Catalysts derived from the alkaline earth metal derivatives are suitable for the process according to the invention (i.e. derivatives of calcium, strontium, barium) of organic mono- and polyoxy compounds can be obtained by reaction with carbon dioxide and water. The organic part of the catalyst molecule should expediently be free of active hydrogen. Preferably it consists made up only of carbon, hydrogen and oxygen, with the oxygen only being the oxygen of the hydroxyl group or groups and is present as ether oxygen.

The preferred alkaline earth metal derivatives of organic mono- and dioxy compounds are those in which the organic part does not contain any groups capable of reacting with the ethylene oxide, and in particular is free of active hydrogen.

ίο In the case of monooxy compounds, the term "Derivative" refer only to the alkaline earth metal salt of the oxy compounds; H. on such salts as strontium methylate. In the case of polyoxy compounds, the term "derivative" also compounds that may contain some oxy groups that do not react with the alkaline earth metal have to include.

Substituents that may be present in the organic part of the derivative and those with alkylene oxides do not react to a noticeable extent under the reaction conditions, are ether and thioether groups, Halogen bonded to aromatic carbon atoms, sulfone and aromatic bonded Nitro groups. Among the substituents that may be present and those, although they are with the alkylene oxides react to a certain extent under the reaction conditions, the reactions or that However, it does not materially affect earth products, include primary, secondary and tertiary amino and amino acids Oxy groups. Other aliphatically bound halogens than fluorine are to be avoided.

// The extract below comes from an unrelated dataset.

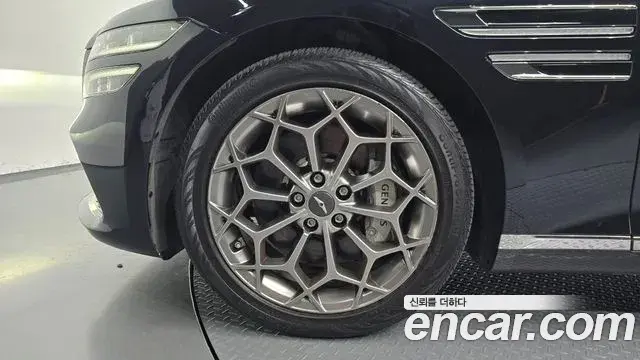 Genesis G80 2023 — Photo 5/20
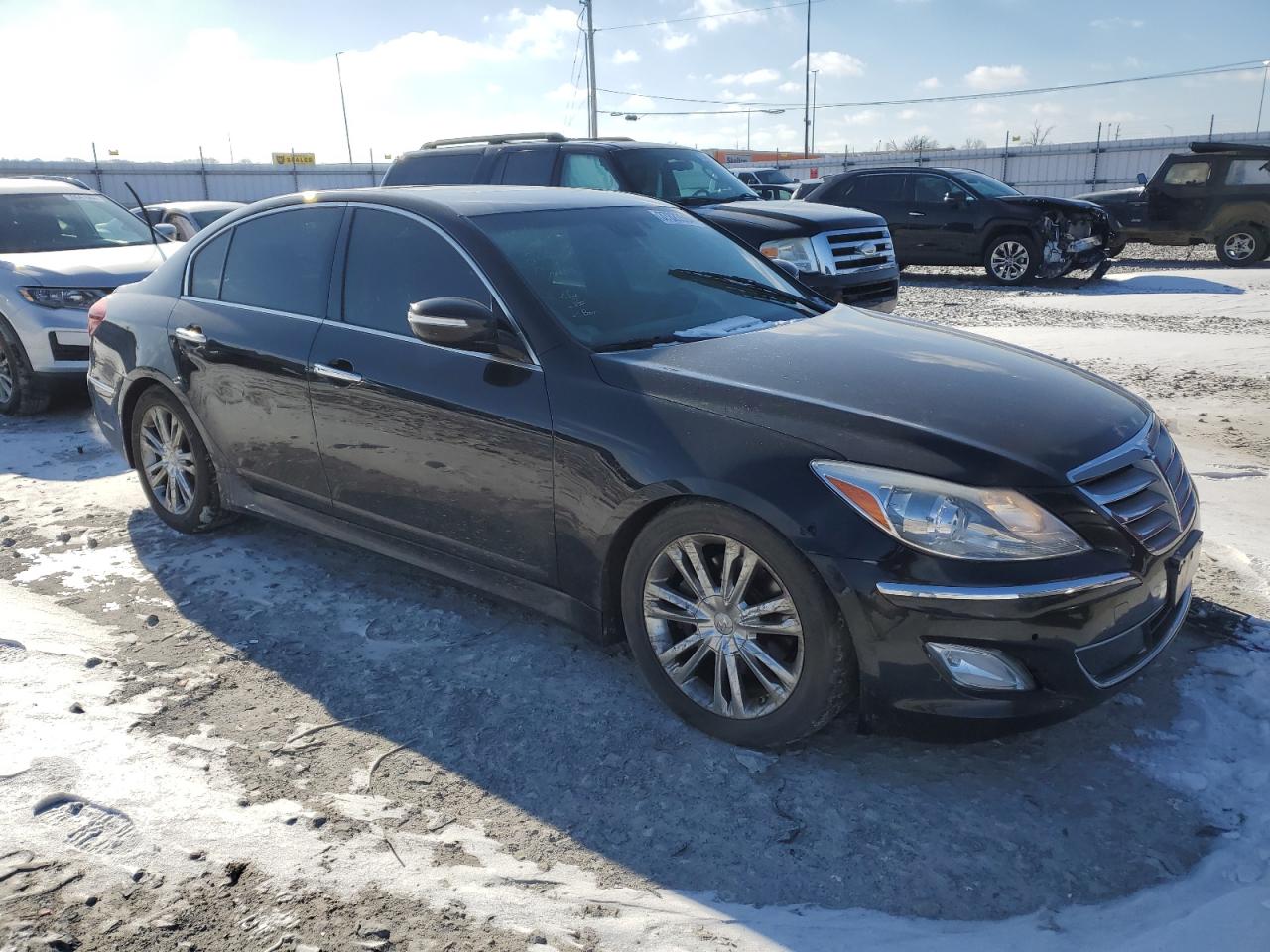 Photo 3 VIN: KMHGC4DD6CU206992 - HYUNDAI GENESIS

The alkaline earth derivatives of organic mono- and polyoxy compounds cannot be claimed here Processes are made from compounds in which the oxy groups are primary, secondary or are tertiary bound, such as. B. in a primary, secondary or tertiary alcohol; continue from Compounds in which the oxy group is on an aromatic ring (oxy groups such as pheno-

ic hydroxyl); and from mono- or polyoxy compounds with aliphatic and / or aromatic oxy groups that are both aliphatic and aromatic Groups included. Also need oxy groups present in the organic compound not to stand exclusively on aromatic or aliphatic radicals; it can be in the organic polyoxy compounds from which the alkaline earth metal derivatives are formed, both aromatic as well as aliphatic hydroxyl groups.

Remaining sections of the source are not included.